Everbright Securities hit by another trading blunder in Shanghai
As regulator probes glitch that sparked Friday buying frenzy in Shanghai, trader mistakenly sells 10m yuan worth of bonds too cheaply
China Everbright Securities, already in hot water over an erroneous trade that caused the key mainland stock index to jump nearly 6 per cent on Friday, reported another glitch in bond trading yesterday.
A trader mistakenly sold 10 million yuan worth of government bonds at a price much lower than the market average, resulting in a loss of around 120,000 yuan (HK$150,000).
The "fat finger" trade on the interbank market added to Everbright's woes. Last week's trading error had already prompted the China Securities Regulatory Commission (CSRC) to start an investigation after millions of furious mainland equity investors had their fingers burned in the mini-rally.
"We will take a series of measures to deal with the problems," Everbright board secretary Mei Jian said yesterday. "They have reminded us of the need to strengthen the management."
On Friday, a "technical glitch" in Everbright Securities' "arbitrage system" led to billions of yuan of buy orders of some shares at hefty prices, sending 16 heavyweight stocks soaring to their 10 per cent daily upper limit.
As a result, the Shanghai Composite Index jumped by 5.6 per cent before retreating in the afternoon and finally ending the day 0.6 per cent lower, leaving investors who had joined the morning rally in the red.
Mei denied speculation that police were now involved and said the latest problem was caused by the IT system of its trading platform. He admitted that a "firewall" should have been activated to halt the irrational surge in buy orders but for some reason it was not.
"It is believed some senior executives will be held responsible for the scandal," said a source close to the CSRC. "The regulator, already under pressure to bolster a weak market, is determined to better police the trading activities of brokerages to allay the concerns of retail investors."
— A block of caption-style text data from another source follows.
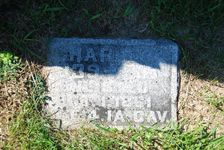 Gravesite Picture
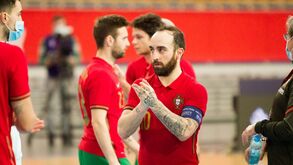 Ricardinho perto de Braga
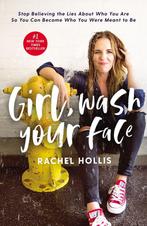 9781400201655 Girl, Wash Your Face Rachel Hollis, Boeken, Nieuw, Rachel Hollis, Verzenden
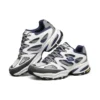 Sapatos de corrida Vigor 3.0 Branco/Cinzento/Azul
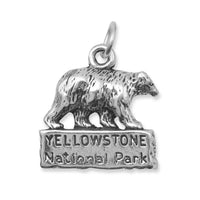 Thumbnail for Yellowstone National Park Charm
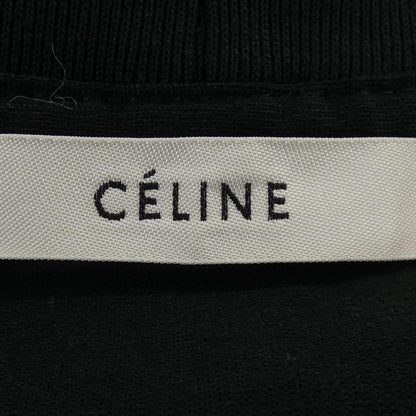 Celine 2 Cut Dress — view 4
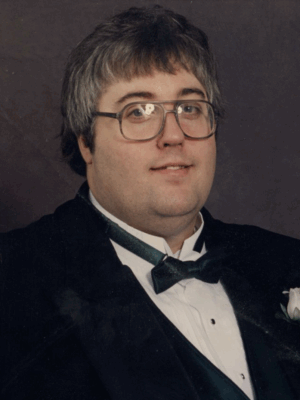 Patrick A. Doolittle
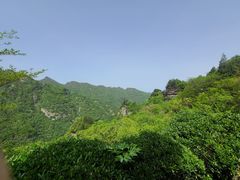 -武当山风景区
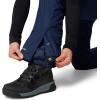 imageColumbia womens Bugaboo II PantCollegiate Navy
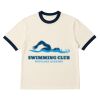 Playera Unisex Combinada 🔥 NEW PRODUCT 🔥 Miniatura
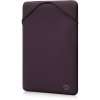 Чохол до ноутбука HP 15.6" Reversible Protective Grey/Mauve Sleeve (2F1W8AA) - Image 1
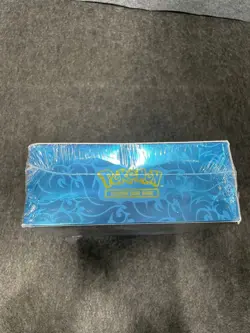POKEMON Mega Charizard X ex Ultra-Premium Collection Box, Box has Dents - Image 3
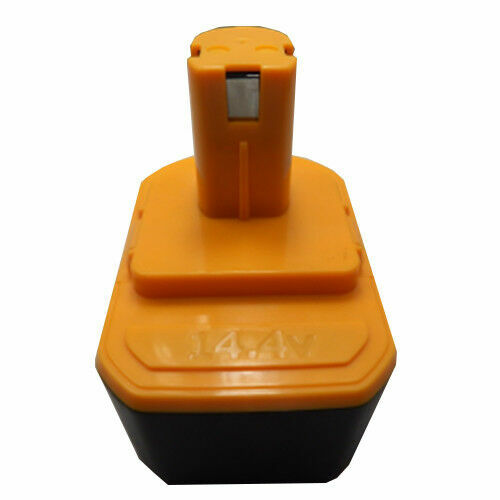 14.4v Ryobi Battery 14.4 Volt Model 130224010 for sale online eBay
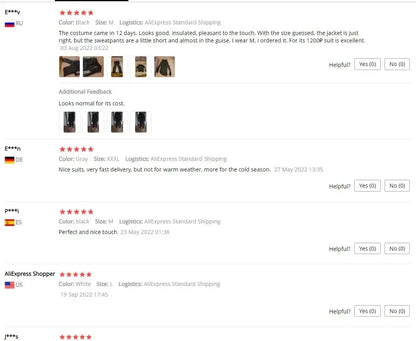 Red Bull Racing Logo Print Men Sportswear Hoodie Sets Zip Sweatshirt+Pants 2 Piece Suit Extreme Sports Custom Red Bull Tracksuit.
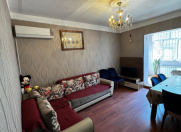 Satılır 3 otaqlı 56 m2 köhnə tikili Rəsulzadə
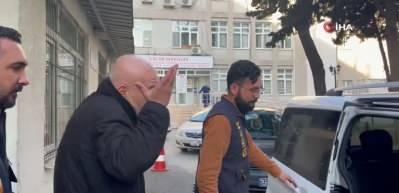 Bahis operasyonunda gözaltına alınan Ahmet Çakar hastaneye kaldırıldı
The Shanghai Composite Index was among the world's worst-performing stock indexes between 2010 and 2012.
The CSRC said Friday's incident did not involve "human error" but it was still investigating. More than 7 billion yuan worth of shares were bought by Everbright Securities in Friday's trading error as the Shanghai Stock Exchange refused to cancel the transactions after the error was discovered.
The brokerage is a subsidiary of China Everbright Group, which is also involved in an anti-bribery investigation opened by the US authorities.
The New York Times has reported that US regulators are investigating whether JPMorgan Chase hired the son of Everbright Group chairman Tang Shuang- ning in the hope of winning deals from the state-owned financial conglomerate.